After 40 years, Melora Hardin doesn’t need a time machine to remember how it felt being fired from Back to the Future.

Following Micheal J. Fox‘s account of her dismissal from the role of his romantic lead Jennifer Parker, the actress admitted she “burst into tears” when she was cut from the 1985 movie for being taller than Fox’s Marty McFly.

“Back to the Future was a huge disappointment,” she told Entertainment Weekly. “I was 17, you know. I burst into tears. It was very sad. There were quite a few of those that I remember, you know, things that never really got made. But that I remember being very tough.”

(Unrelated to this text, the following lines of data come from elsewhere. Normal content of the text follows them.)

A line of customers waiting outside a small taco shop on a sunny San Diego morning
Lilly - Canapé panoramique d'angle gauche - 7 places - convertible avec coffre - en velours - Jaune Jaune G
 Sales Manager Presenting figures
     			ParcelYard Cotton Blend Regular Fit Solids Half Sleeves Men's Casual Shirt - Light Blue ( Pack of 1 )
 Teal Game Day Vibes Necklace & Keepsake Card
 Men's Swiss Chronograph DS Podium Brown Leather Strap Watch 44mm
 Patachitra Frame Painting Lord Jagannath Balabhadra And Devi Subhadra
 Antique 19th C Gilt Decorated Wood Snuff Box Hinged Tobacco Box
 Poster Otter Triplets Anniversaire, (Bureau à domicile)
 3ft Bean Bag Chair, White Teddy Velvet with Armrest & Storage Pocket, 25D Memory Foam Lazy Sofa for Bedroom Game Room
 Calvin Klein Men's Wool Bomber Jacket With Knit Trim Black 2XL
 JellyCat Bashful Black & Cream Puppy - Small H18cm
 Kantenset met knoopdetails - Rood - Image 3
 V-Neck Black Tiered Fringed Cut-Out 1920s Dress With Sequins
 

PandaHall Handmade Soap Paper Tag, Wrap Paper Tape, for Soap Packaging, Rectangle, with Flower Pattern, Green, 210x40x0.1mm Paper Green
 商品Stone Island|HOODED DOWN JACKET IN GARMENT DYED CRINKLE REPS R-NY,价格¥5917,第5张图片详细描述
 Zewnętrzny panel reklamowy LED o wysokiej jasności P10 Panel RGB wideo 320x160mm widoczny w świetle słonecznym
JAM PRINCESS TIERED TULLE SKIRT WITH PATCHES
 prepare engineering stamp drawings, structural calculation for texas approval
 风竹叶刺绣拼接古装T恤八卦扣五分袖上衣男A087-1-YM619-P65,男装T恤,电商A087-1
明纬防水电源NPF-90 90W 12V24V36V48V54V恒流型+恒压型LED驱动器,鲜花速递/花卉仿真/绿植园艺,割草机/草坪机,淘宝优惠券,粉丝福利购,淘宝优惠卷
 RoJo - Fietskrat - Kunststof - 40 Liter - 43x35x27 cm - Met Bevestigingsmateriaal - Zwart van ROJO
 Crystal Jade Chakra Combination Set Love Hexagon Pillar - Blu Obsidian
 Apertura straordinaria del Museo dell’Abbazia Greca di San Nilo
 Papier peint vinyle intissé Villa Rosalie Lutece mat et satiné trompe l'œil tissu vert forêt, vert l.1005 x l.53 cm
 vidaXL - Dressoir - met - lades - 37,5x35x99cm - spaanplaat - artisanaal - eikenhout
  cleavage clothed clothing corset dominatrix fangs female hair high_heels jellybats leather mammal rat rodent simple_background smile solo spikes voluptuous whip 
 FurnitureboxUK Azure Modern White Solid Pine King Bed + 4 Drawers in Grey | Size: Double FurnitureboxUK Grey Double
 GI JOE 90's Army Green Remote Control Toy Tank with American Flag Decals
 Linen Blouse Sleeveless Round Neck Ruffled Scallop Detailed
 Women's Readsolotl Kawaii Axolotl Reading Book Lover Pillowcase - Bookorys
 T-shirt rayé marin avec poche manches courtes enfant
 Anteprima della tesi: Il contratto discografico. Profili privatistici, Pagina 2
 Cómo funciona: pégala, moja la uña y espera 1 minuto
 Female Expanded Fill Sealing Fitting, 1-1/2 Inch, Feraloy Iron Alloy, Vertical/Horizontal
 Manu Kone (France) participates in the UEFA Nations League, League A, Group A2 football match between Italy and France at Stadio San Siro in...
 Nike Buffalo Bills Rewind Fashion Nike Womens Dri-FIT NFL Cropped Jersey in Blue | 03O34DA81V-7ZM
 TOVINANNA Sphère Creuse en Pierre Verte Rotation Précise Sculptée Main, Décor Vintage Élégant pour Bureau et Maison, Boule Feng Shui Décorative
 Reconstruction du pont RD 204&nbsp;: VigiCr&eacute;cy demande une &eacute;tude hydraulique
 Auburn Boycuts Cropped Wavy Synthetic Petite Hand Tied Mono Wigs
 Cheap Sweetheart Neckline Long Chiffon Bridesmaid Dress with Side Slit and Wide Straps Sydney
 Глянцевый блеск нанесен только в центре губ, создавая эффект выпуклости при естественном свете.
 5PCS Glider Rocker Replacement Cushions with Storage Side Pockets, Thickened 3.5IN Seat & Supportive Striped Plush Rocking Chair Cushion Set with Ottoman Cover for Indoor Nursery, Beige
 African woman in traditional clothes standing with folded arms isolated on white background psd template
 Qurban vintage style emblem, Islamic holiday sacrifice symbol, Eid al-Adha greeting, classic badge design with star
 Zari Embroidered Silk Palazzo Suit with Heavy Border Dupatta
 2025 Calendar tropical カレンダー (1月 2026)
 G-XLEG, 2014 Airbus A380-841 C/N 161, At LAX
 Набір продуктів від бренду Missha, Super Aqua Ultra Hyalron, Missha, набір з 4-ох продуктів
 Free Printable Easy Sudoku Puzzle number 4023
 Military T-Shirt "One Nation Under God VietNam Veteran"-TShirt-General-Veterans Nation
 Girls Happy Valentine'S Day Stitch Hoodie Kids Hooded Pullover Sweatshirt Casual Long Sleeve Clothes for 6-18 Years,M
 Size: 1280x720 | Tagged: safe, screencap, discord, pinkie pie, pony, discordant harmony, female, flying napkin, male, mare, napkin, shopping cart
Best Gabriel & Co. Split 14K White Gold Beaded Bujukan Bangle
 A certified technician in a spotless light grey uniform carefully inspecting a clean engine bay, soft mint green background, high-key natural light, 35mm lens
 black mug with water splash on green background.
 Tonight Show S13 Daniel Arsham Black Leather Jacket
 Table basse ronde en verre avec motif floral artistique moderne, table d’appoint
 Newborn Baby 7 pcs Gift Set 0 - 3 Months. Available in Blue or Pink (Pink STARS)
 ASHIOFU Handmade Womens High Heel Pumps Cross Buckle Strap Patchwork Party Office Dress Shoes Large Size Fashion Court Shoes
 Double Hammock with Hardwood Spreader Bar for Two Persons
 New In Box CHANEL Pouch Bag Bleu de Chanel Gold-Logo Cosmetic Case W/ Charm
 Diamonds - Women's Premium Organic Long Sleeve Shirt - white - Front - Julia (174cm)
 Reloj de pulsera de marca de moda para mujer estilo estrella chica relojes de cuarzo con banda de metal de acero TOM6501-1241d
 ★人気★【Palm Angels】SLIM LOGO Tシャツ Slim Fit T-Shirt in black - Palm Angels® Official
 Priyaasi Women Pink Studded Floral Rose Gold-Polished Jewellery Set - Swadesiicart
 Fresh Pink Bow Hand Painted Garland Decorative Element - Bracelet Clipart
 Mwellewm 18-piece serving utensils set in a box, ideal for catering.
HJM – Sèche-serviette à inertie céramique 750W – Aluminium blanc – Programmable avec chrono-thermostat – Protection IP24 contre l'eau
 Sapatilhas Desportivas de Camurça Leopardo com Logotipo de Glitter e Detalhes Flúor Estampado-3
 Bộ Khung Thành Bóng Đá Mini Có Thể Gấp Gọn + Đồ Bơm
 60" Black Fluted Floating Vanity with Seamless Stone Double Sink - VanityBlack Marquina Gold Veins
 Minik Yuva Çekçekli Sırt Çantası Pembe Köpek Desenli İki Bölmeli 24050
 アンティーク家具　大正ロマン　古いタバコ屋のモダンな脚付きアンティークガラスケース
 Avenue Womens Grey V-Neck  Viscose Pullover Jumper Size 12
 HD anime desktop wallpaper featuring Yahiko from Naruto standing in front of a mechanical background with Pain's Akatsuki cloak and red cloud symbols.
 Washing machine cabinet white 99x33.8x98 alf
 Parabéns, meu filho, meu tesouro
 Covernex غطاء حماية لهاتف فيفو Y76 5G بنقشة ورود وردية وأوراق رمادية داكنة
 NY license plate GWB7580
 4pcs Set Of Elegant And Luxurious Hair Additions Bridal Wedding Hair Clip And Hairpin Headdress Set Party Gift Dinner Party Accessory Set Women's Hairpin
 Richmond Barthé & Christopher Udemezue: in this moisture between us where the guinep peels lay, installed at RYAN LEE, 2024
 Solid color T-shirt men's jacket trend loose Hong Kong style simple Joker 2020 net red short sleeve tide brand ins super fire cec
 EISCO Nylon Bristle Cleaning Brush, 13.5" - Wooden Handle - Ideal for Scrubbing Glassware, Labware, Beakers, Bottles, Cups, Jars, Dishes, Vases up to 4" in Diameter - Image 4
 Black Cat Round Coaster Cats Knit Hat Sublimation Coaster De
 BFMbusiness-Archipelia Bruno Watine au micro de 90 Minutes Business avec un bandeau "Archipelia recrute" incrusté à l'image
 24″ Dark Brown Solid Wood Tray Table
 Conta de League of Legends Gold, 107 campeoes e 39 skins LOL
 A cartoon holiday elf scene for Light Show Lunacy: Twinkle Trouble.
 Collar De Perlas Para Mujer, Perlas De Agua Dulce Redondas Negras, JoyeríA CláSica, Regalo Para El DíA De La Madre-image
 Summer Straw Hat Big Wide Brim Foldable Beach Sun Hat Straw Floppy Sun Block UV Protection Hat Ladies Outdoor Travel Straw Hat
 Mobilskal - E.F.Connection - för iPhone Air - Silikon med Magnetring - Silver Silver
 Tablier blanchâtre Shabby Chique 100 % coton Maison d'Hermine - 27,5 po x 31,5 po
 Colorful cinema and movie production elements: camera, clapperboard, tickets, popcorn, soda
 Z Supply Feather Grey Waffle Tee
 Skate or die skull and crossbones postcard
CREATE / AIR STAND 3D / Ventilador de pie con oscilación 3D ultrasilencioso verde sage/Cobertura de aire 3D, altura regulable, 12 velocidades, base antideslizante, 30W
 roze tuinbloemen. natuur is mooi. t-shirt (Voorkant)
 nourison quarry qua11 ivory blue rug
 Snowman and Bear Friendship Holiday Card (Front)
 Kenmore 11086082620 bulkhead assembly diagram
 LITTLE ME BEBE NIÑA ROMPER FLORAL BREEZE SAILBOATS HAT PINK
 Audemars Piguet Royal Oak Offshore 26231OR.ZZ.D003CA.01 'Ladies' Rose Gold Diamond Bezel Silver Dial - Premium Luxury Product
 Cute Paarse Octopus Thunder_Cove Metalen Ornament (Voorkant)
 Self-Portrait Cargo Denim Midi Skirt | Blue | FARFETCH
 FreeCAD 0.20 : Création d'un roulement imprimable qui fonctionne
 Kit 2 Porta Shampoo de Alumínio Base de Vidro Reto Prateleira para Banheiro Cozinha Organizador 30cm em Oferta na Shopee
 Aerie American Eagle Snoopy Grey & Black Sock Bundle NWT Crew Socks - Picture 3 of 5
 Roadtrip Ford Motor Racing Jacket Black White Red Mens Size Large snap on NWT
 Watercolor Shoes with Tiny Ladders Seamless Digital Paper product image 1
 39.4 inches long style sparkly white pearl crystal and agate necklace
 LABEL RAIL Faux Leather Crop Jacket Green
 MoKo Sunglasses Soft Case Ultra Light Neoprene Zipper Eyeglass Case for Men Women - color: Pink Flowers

Hardin explained, “To be where I am, you have to have failed more than you’ve succeeded. I think people don’t realize that when they look at it from the outside — you have to really be somebody who’s comfortable with failure, and with putting yourself on the line all the time. That failure doesn’t mean anything about you. You just have to fail better, and keep failing better … to be able to really weather this career choice.”

In his recent memoir Future Boy, Fox explained that when he replaced leading man Eric Stoltz as the time-traveling teen, some felt co-star Hardin was suddenly too tall to play the character’s girlfriend in the franchise’s first installment.

Michael J. Fox, Claudia Wells and Christopher Lloyd in ‘Back to the Future’ (1985) (Universal Pictures/Courtesy Everett Collection)

Noting that his height “worked in my favor when I was a teenage actor playing a younger kid,” Fox wrote that being short “turned against me as an adult, when I went up for romantic leads opposite taller actresses.”

Fox continued, “I regret that this prejudice inadvertently affected another cast member in Back to the Future – Melora Hardin, the talented actress who had played Marty’s girlfriend, Jennifer, opposite the perfectly tall Eric Stoltz.

“Melora, several inches taller than me, was replaced in the movie after I took over as Marty,” he added. “Initially, Bob Zemeckis thought perhaps the audience could look past our height difference, but when he quickly surveyed the female members of the crew, they assured him that the tall pretty girl in high school rarely picks the cute short guy.”

“No one asked for my opinion, but I would have risen to Melora’s defense,” added Fox.

After Claudia Wells stepped in to play Jennifer in Robert Zemeckis’ 1985 time-travel comedy, Elisabeth Shue took over the role in Back to the Future Part II (1989) and Part III (1990).